Linebreaking conventions
by ZetaGecko | Add Your Comments | Technology
As a side note to an issue that arose on the Atom syntax mail list yesterday, I'd like to rant a little about the variety of linebreaking conventions in use today.
Operating systems and internet standards define a variety of ways to indicate a linebreak. UNIX uses a newline (a.k.a. linefeed) character. Windows uses a carriage return followed by a linefeed. MacOS 9 and lower used...just a linefeed? I don't remember. MacOS X, now that it's UNIX-based, uses just a newline. Good--one step has been made toward unification.

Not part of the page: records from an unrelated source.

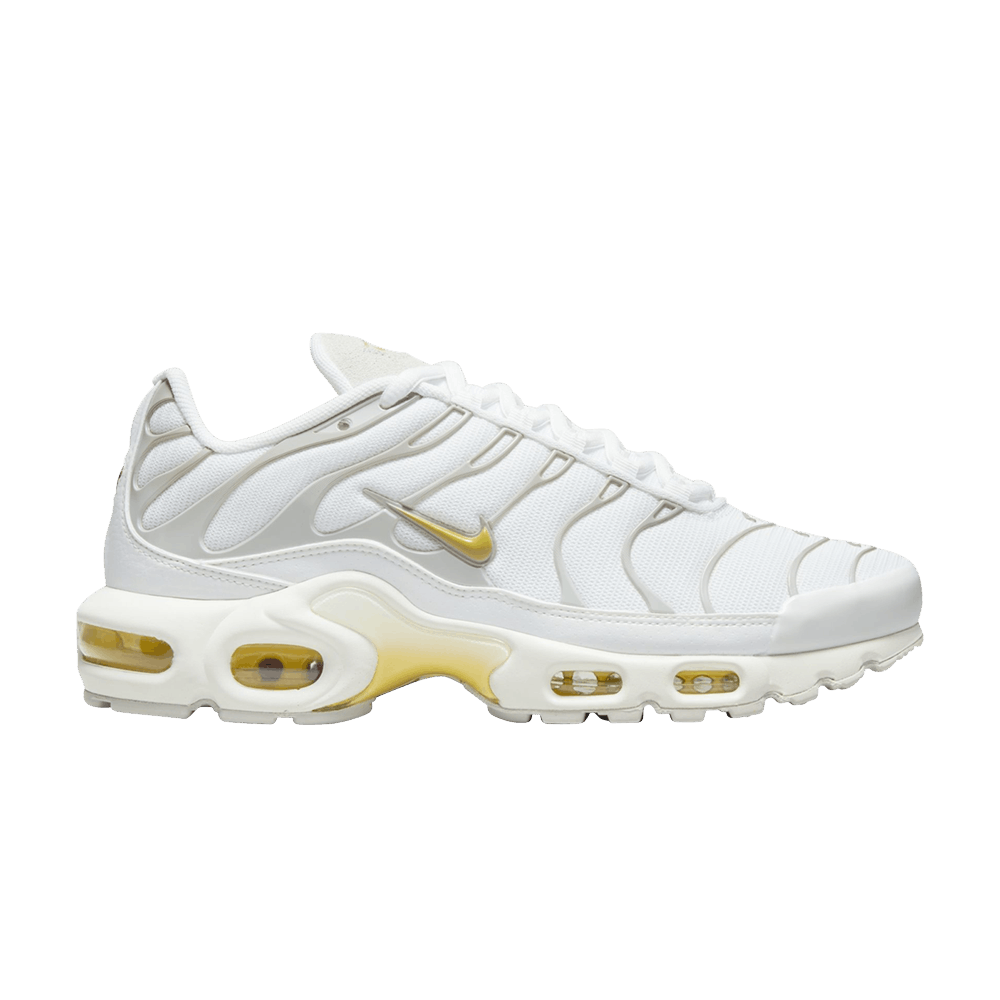 wmns-air-max-plus-white-celery-dv6987-100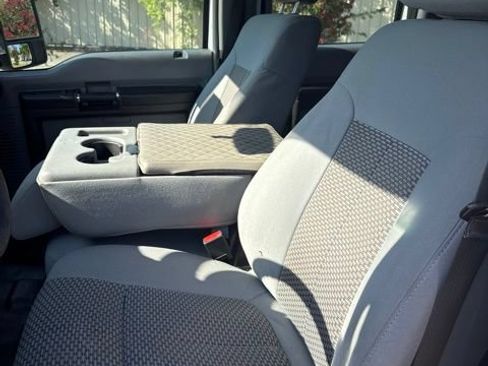 Used 2014 Ford F250 XL w/ Power Equipment Group RWD image 15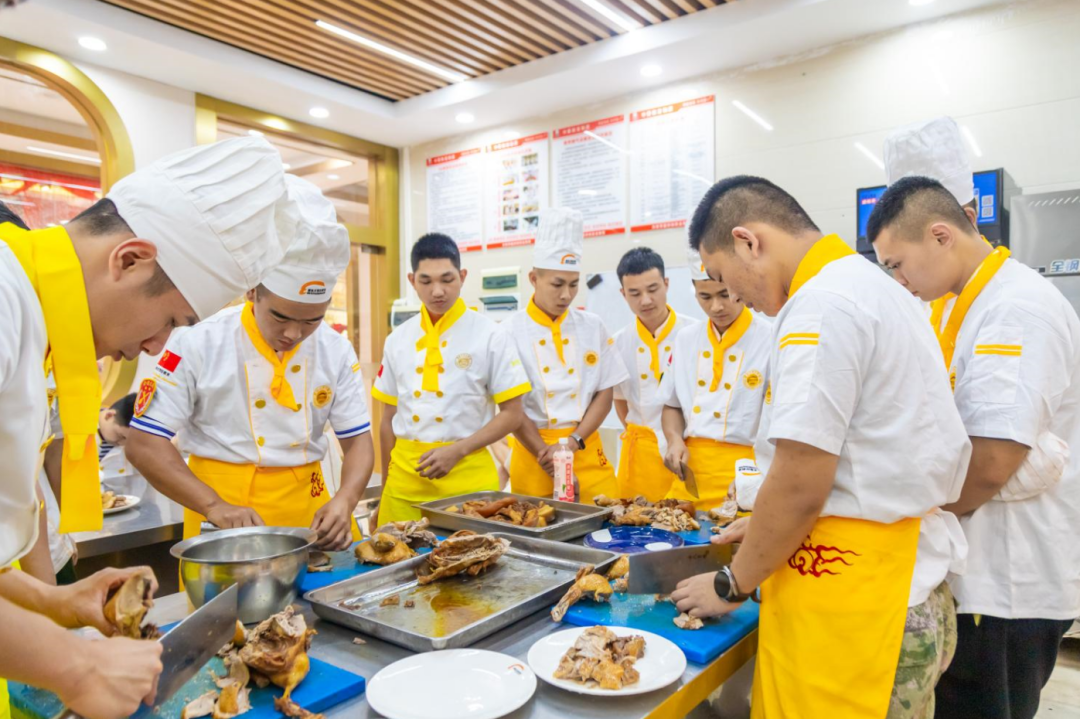 “预制菜”饱受争议,厨师行业路在何方? “预制菜”饱受争议,厨师行业路在何方?
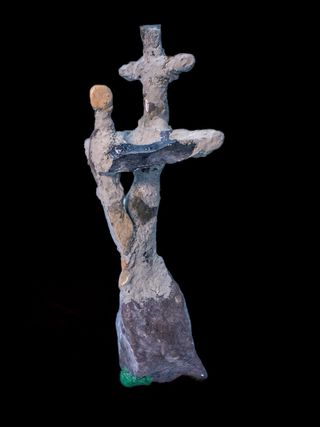 statue in pietra con il Cristo 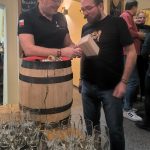 Belgický speciál od českých sládků. Budějovický Budvar a minipivovar Lucky Bastard uvařili limitku Blonde B(l)ond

Now we just need to get Windows to drop the extra character and we're one big happy family, right? Nope.
First of all, even if future versions of Windows do make the change (I can dream, but I don't know that I expect Redmond to be too anxious to change. They seem more likely to try to make everyone else do things there way), a lot of people are still using Windows 95 and 98, not to mention ME, XP, etc. There are also plenty of people still using MacOS 9 and lower.
Second of all, non-newline linebreaks are part of at least one internet standard: SMTP. When emails are transferred between SMTP servers, linebreaks are coded with the Windows-style CR/LF.
But isn't SMTP about due for replacement anyway (to get rid of SPAM)? Once again, I can dream, but it seems more likely that it will be updated with various anti-SPAM schemes and live on indefinitely. I suppose if the new additions are effective at throttling SPAM without making doing business online unnecessarily expensive, then SMTP is fine with me (but that's a topic for another blog). Can we modify SMTP to just use newlines though? We'd have to maintain the ability to do it either way for backwards compatibility, which would require intermediate SMTP servers to sometimes translate newlines. This is sounding very unlikely to happen.
Maybe the best that we can hope for is that as new standards are developed which operate at a level where they get to specify linebreaking conventions, they'll all use the same convention. My vote goes to using the newline character.
What does this have to do with Atom? Nothing. Discussion of how to treat whitespace in plain text content just got me thinking.